The story is deceivingly complex, and equally so enriched with humanity. While the primary thread is about Woody trying to get his cash, this is more importantly a study of a way of life in the American mid-west that seems to be on the verge of extinction. In multiple beautifully captured shots, one can sense the dust and cobwebs climbing up and over everything, burying underneath it a longstanding history of humbled tradition, one that prides itself on its dedication to manual labor and small-town mom-and-pop business. Obviously, corn is a priority. But that’s not what the big picture is here. What’s more startling than anything is how much these places seem to have fallen by the wayside with the advent of technology in the 21st Century. This is a film set in present day, but it could just as easily have been set in the 1960s; the forties. There’s something about Payne’s choice of location that is timeless — not in the romantic sense, per se, but more so in the dog-with-three-legs kind of way.

But that last paragraph is more extrapolation than anything else. What really runs deep is the journey to discover what makes the Grant family tick.

In a place where gossip spreads like wildfire due to a lack of other avenues of entertainment, the biggest challenge facing the Grants concerns the town’s potential reaction to what we all might assume is the reality of his situation: he’s not a millionaire. He’s just a sad, confused man, desperate to cling on to something, anything in his last years. In the process of getting to Lincoln, there is so much to be discovered about the relationships between father and son, between wife and husband, and perhaps most troublingly, that of the one between Woody and his friends. . .namely, Ed Pegram (Stacy Keach), a man he enlisted in the Korean War with.

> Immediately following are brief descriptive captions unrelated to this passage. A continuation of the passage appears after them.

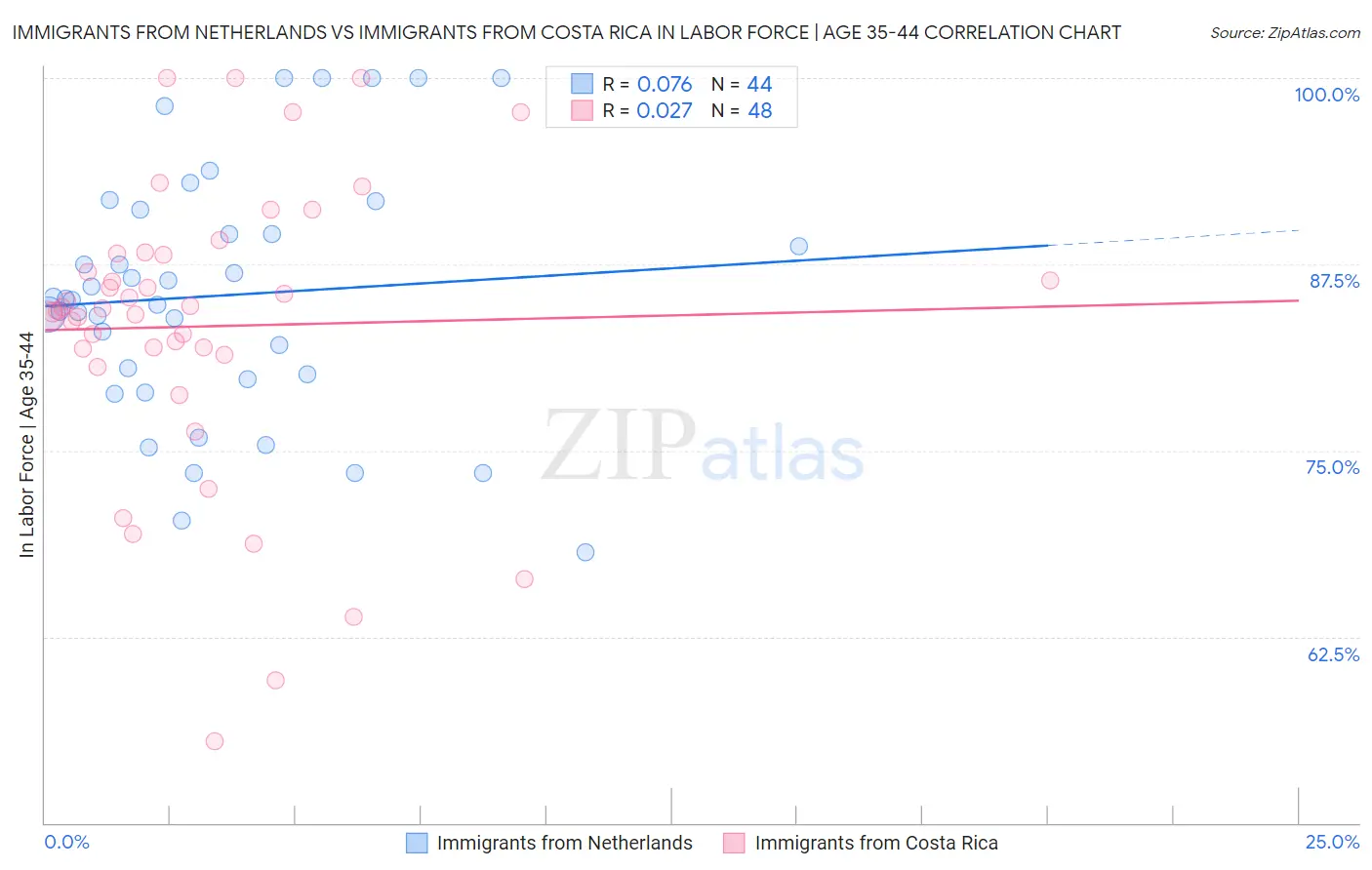 Immigrants from Netherlands vs Immigrants from Costa Rica In Labor Force | Age 35-44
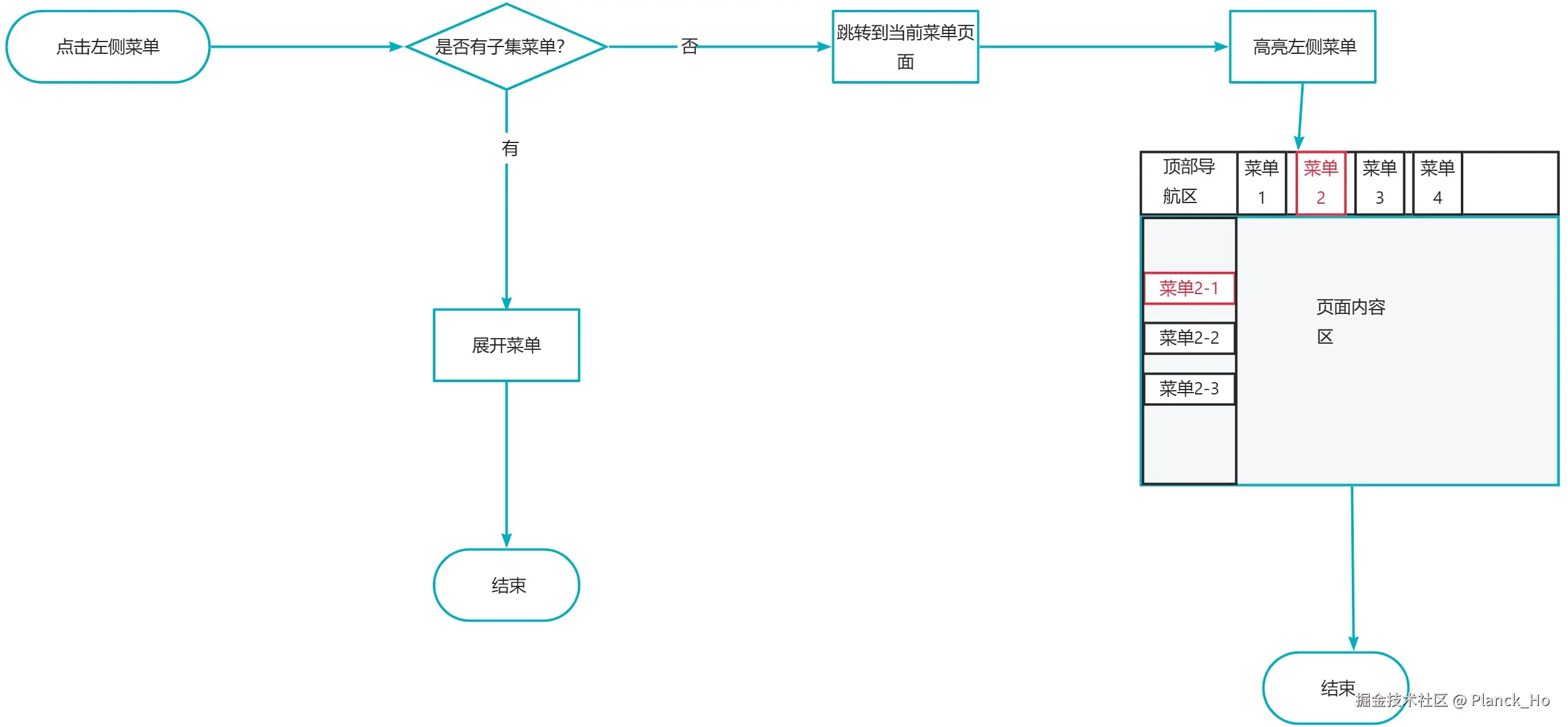 26yuque_diagram7.jpg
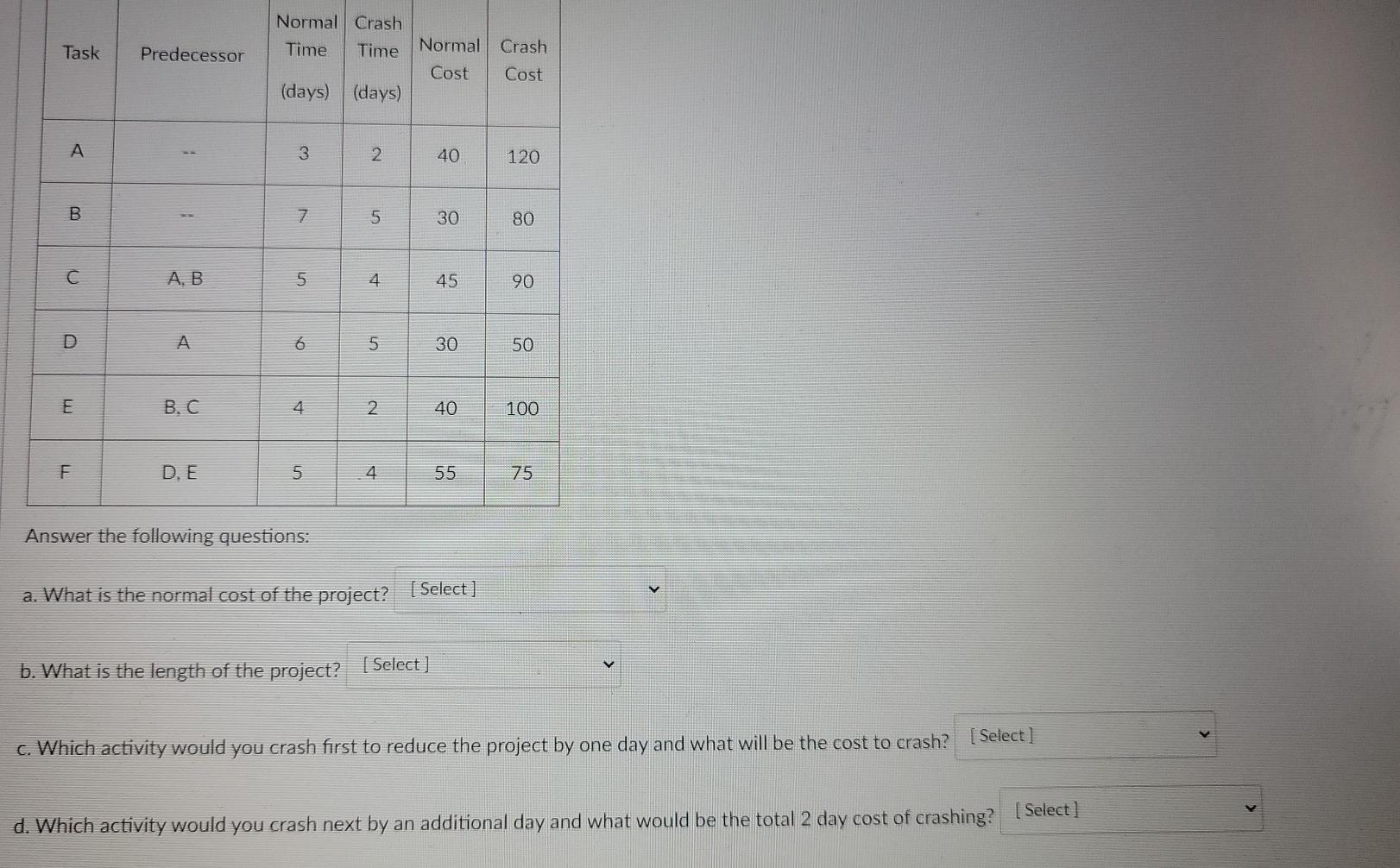 Task A B Time Normal Crash Cost Cost 40 120 30 80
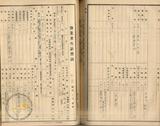 件名:昭和十三年度 布袋出張所冊名:自昭和十二年度至昭和十三年度塩業者生計費調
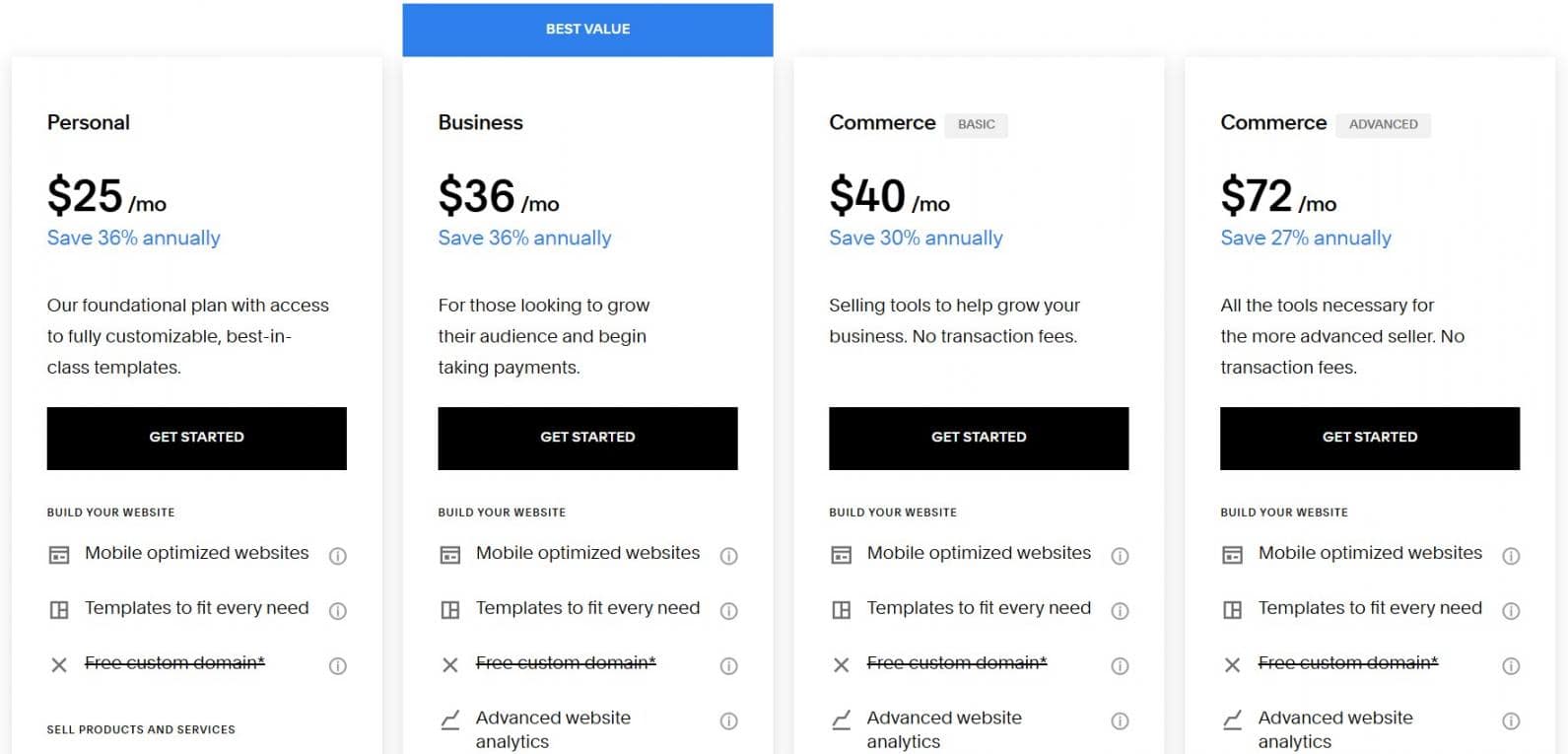5 - Squarespace Pricing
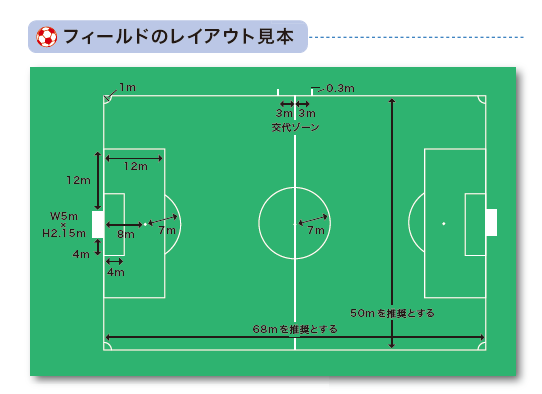 フットサル コート の 大き 安い さ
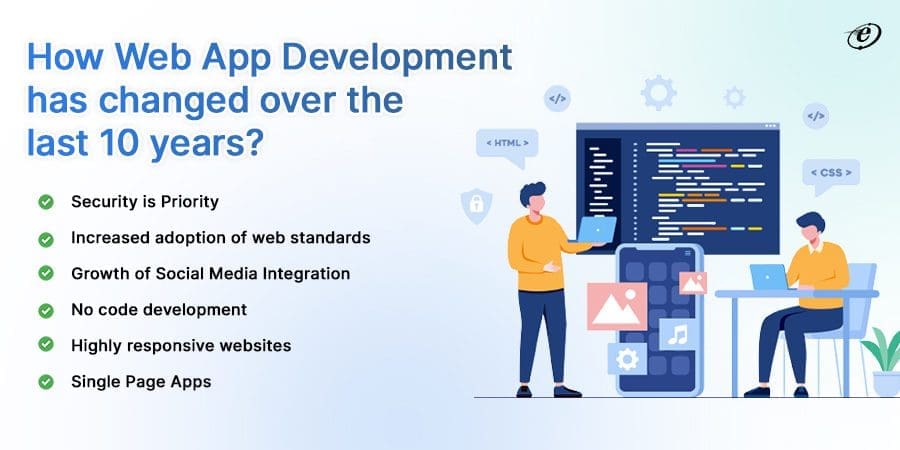 How web app changed over last 10 years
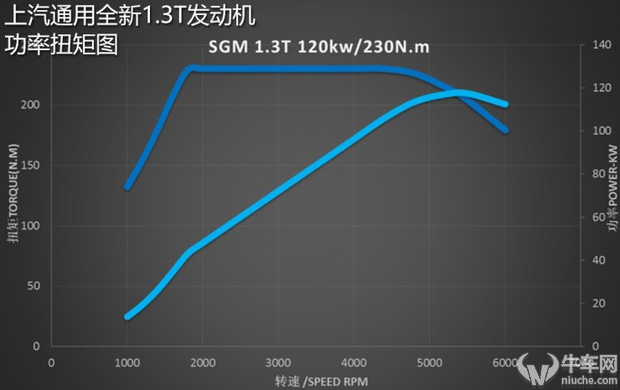 别克新英朗的1.3T三缸到底怎么样？试英朗18T旗舰型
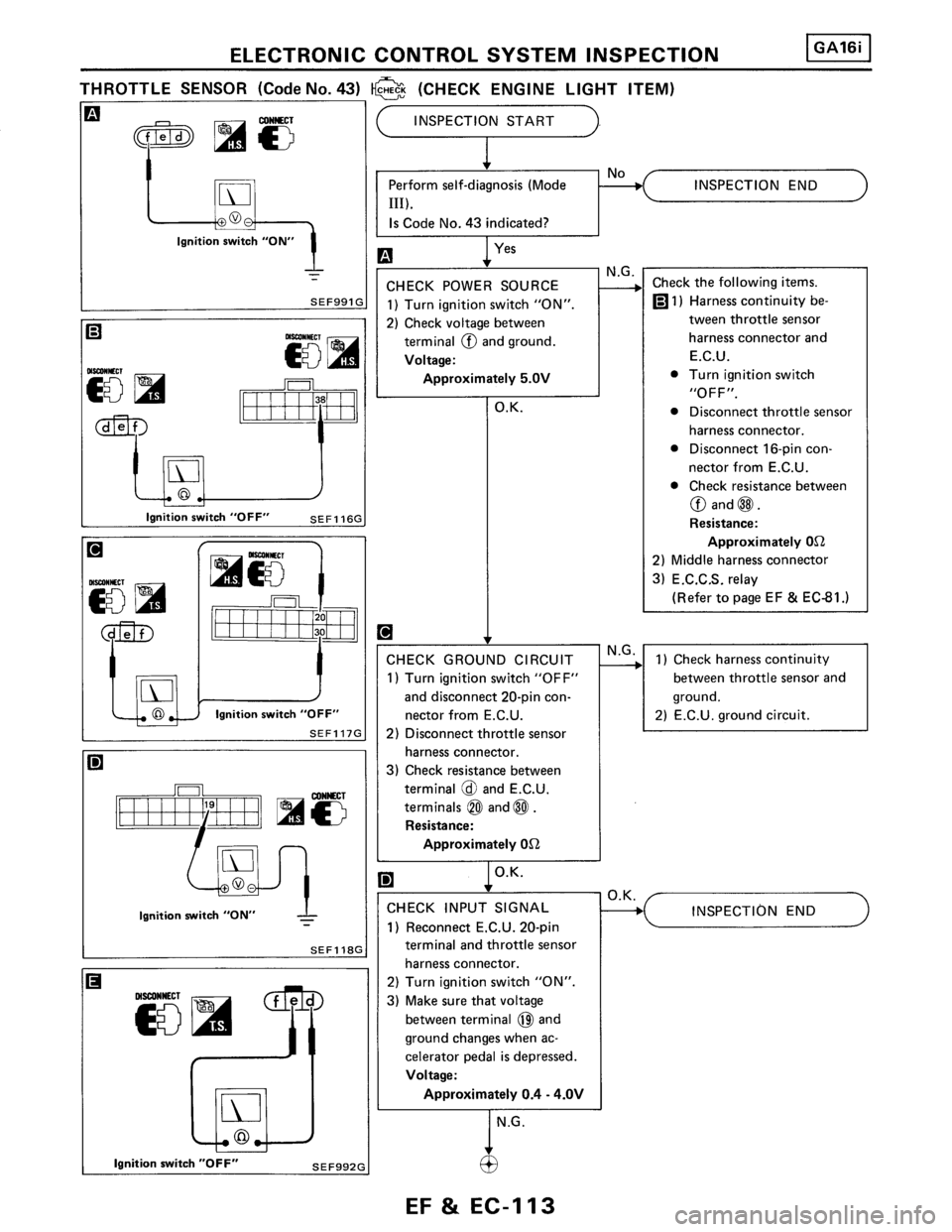 NISSAN PULSAR 1986  Service Manual 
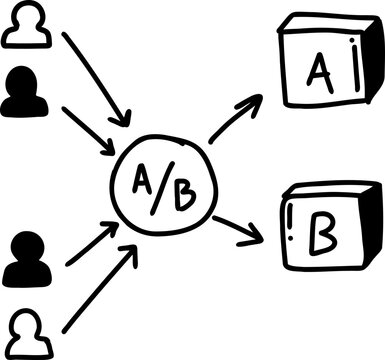 Hand Drawn A B Testing Split Path Experiment Diagram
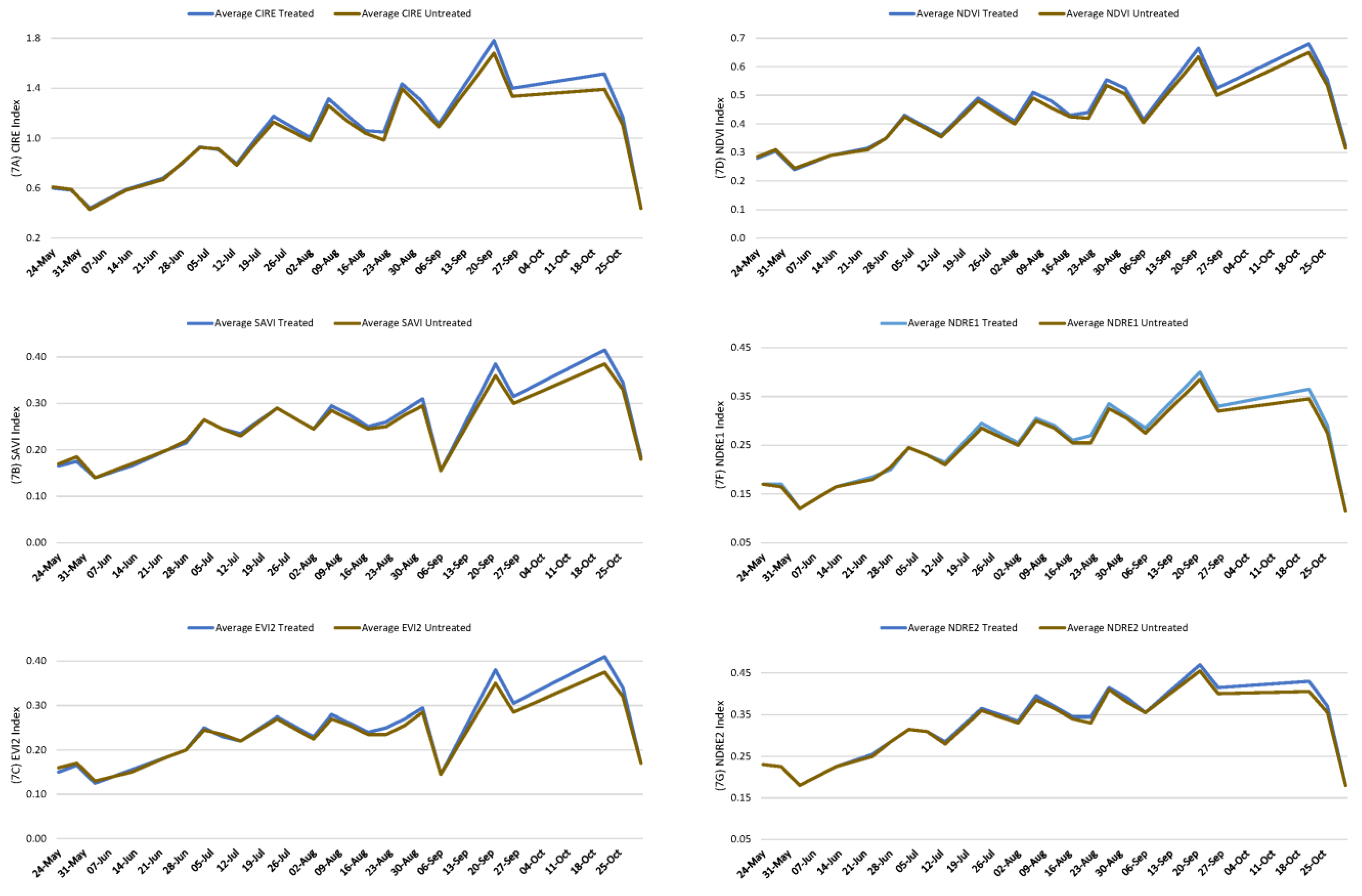 Sustainability 14 06816 g010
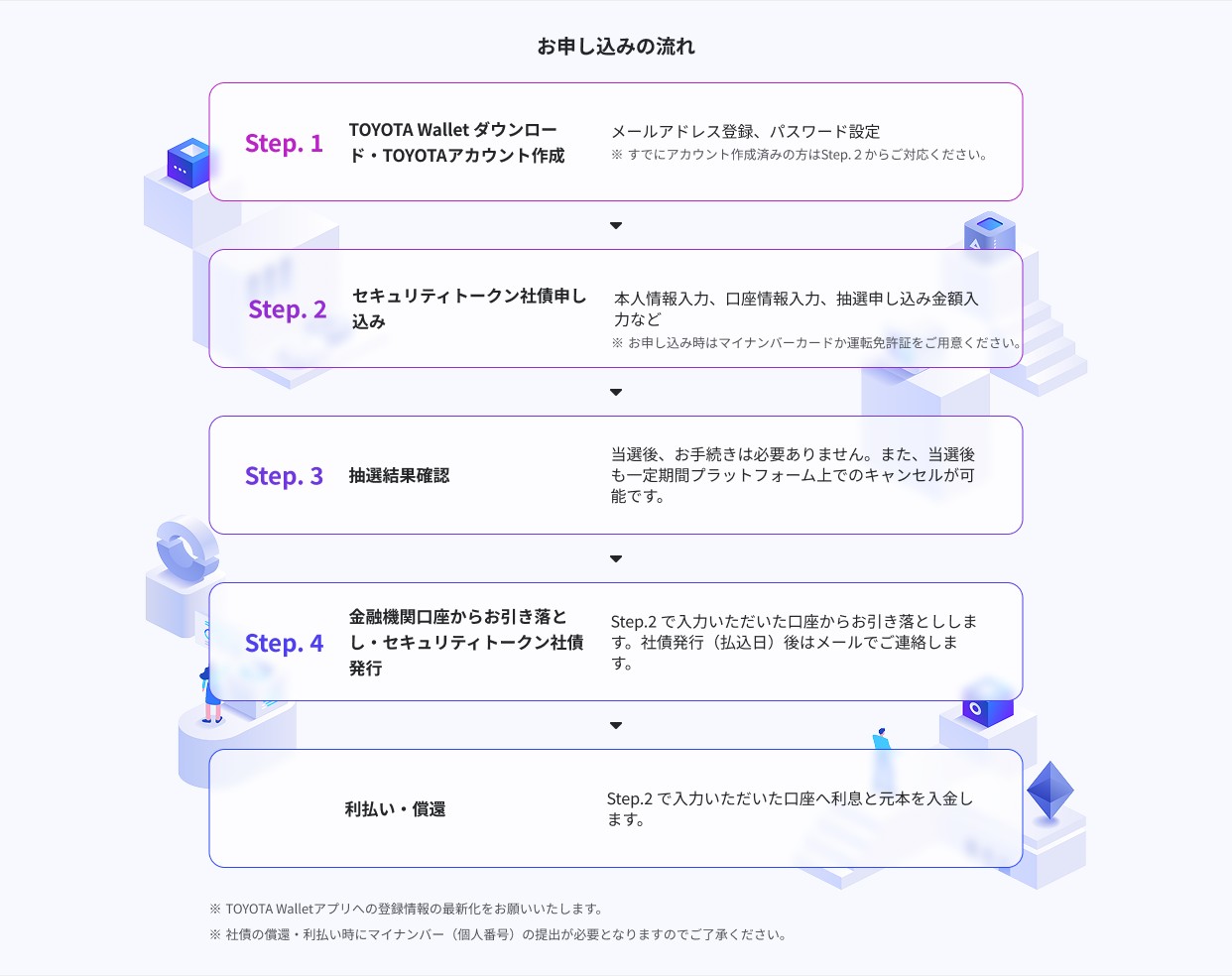 デジタル社債購入の手続き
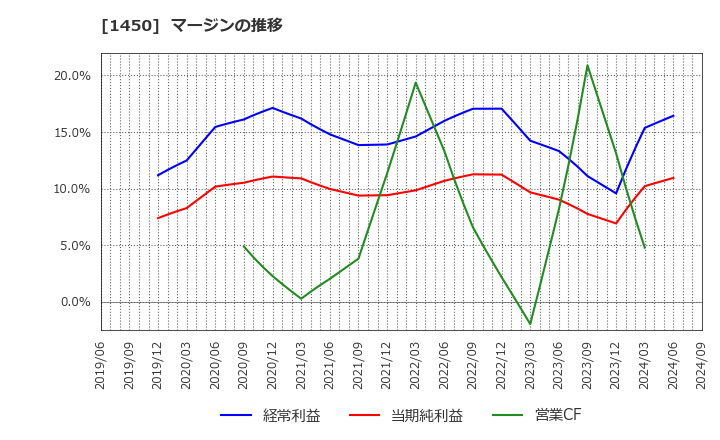 1450 田中建設工業(株): マージンの推移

Payne continues to refine his ability to balance gloom-and-doom with comedy in this Bruce Dern-led drama. This film brings tears to the eye as effortlessly as it wrings laughter from a deadpan script. A great deal of the comedy stems from Squibb’s disproval of her husband, but these moments never feel anything less than genuine. The same can be said about the particularly low moments. There is heart ache abound in this low-key drama about the true despair of aging and the importance of family. At the end of the day, Nebraska is one great example of a film relying on the strength and authenticity of its storytelling. Audiences are going to latch on to many aspects of this movie (the performances are truly excellent), but in this case, the most resonant aspect is the crushing blow to the ego that lotteries and sweepstakes provide more often than not. The money (especially the lack thereof) doesn’t necessarily make the man.

nebraska-2

4-5Recommendation: While it helps to be a follower of the Alexander Payne school of film, Nebraska is a thoroughly well-made film that deserves a wider audience than it’s getting. Quiet, unassuming and surprisingly emotional (surprising, given the setting), the story of Woody Grant is extremely touching. One of this reviewer’s favorites of 2013 to be sure. Go see it.

Rated: R

Running Time: 114 mins.

Quoted: “C’mon, have a beer with your old man. Be somebody.”